Haricot Vert (green bean) Salad:
My own invention and a simple one:

Blanched, cut up green beans
Salad greens
Gorgunzola cheese
Olive oil, infused with garlic and rosemary
mix

I chose a bottle of Cline Ancient Vine Zinfandel 2008 to ease the meal into the heavier dishes. Cline is one of my top 5 wineries in Northern California if only because the staff is so friendly and the grounds are pretty.



Parmesan Crisp with Goat Cheese Mousse

This was a simple/hard recipe from the French Laundry.
The goat cheese mousse was whipped goat cheese and
cream with herbs. the Parmesan crisp were just baked mounds of shredded cheese. The hard part was forming the cooling cheese into little cone shapes which were filled with the cheese. I used egg cartons to let them form. The only regret I had about this dish is: Eat them within 15 minutes of creation! I found them a little chewy after sitting around too much, I felt this was a clunker in the meal.


Mint Sorbet

A palette cleanser. For the kid's sake, I heat the wine to remove the alcohol. I also didn't use an ice cream maker, I just froze it and crushed it with a fork occasionally.


Mint Sorbet


1 packed cup chopped mint leaves
2 cups water


1 1/2 cup granulated sugar

¼ cup sweet white wine

1/2 cup lemon juice



In medium saucepan over medium heat, bring the chopped mint, water, and sugar to a simmer. Cover the pan, lower the heat slightly, and cook for about 3 minutes, until the sugar is dissolved. Remove from the heat and cool the mixture to room temperature. Stir in the white wine and lemon juice. Chill the mixture for 2 hours. Freeze in an ice cream maker according to the manufacturer’s instructions.



Salmon with Mushrooms



This was a home run. I don't think I took a very good photo of it, but trust me, it was restaurant level.



I had made this many times and is one of my wife's favorites. the original name was Salmon with Chanterelles. Chanterelles are $20

per pound mushrooms. I did it that way once and noticed no great improvement over oyster or even Shitake mushrooms. This time I used oyster mushrooms and I made the 1/2 cup of fish stock from scratch.

Fish stock:


Fish parts


Thyme




Put fish and thyme in pan, cover with water. Simmer until water taste, well, like fish stock!


Salmon with Oyster Mushrooms




1 tablespoon unsalted butter


1/2 pound Oyster mushrooms, wiped clean and

halved

4 salmon filets (not frozen)

1/2 cup of white wine (use the one you're going to drink, later

1/2 cup of fish stock


1 small shallot,

peeled (duh) and chopped fine


Juice of 1 lemon


1/4 cup of heavy

cream

1/2 teaspoon of Dijon mustard

Salt and fresh

ly ground

pepper

1 teaspoon of chopped, fresh chervil (or dry is fine)
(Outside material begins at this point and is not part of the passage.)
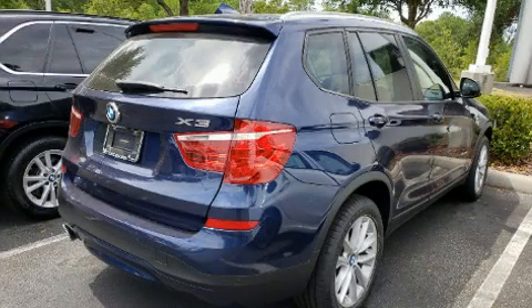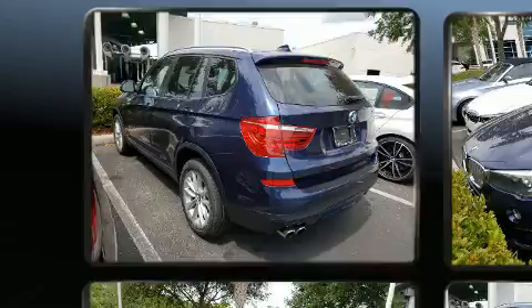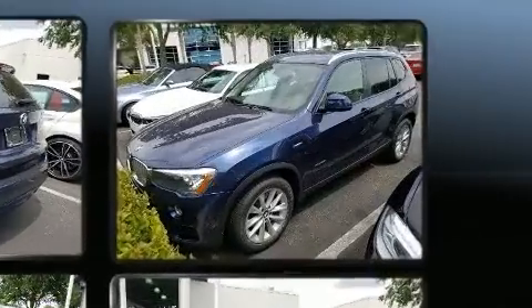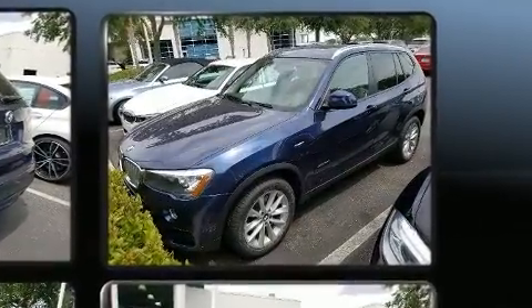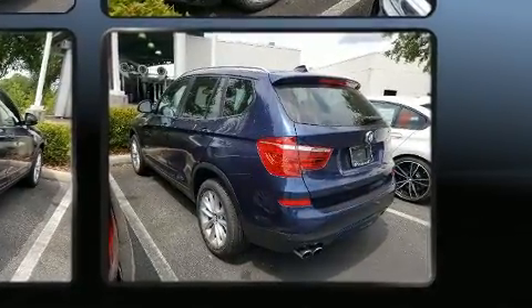Here's a great deal on a 2017 BMW X3 with just over 40,000 miles on the odometer. This vehicle is constructed with a discerning driver in mind. It features an automatic transmission, rear-wheel drive, and a two-liter four-cylinder engine.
Melt the butter in a large skillet with a tight fitting lid. Add the mushrooms and cook over low heat, stirring frequently, for about 5 minutes or until they start to "sweat".
Remove the pan and reserve the mushrooms and juice separately. If, for some reason, you didn't get any juice from cooking the mushrooms, you can ad a little water to the pan and reserve that.

Place the salmon in the pan, making sure you don't have any overlap.
Pour the wine and stock over the fish (the liquid should about 3/4 of the fish. Cover with the chopped shallots and the mushroom juice.
Cover the pan with the lid and place over moderate heat for about 4 minutes. The salmon should be starting to cook but you do not want to cook it all the way. Put the rare salmon into a warmed oven. By the time you finish the rest of the meal, that thing will be perfectly cooked.
Return the pan to moderate heat and add the mushrooms. Cook uncovered for about 5 minuted or until the liquid is reduced by half.
Stir in the lemon juice, cream and mustard and cook until it's thick
Season with salt and pepper to your taste
Add chervil

Place the salmon on a platter, cover with sauce and mushrooms, garnish with chervil if desired.
Enjoy

Chocolate Cheese Cake by Chef Jackie, served with



Wellington Criolla Port



Wellington Criolla Port. Another favorite winery and one of the few in the States that I've seen make port.*



The guest enjoyed the meal, even the kids liked it and if you can get a kid to get pass meatballs and spaghetti, that's the ultimate compliment.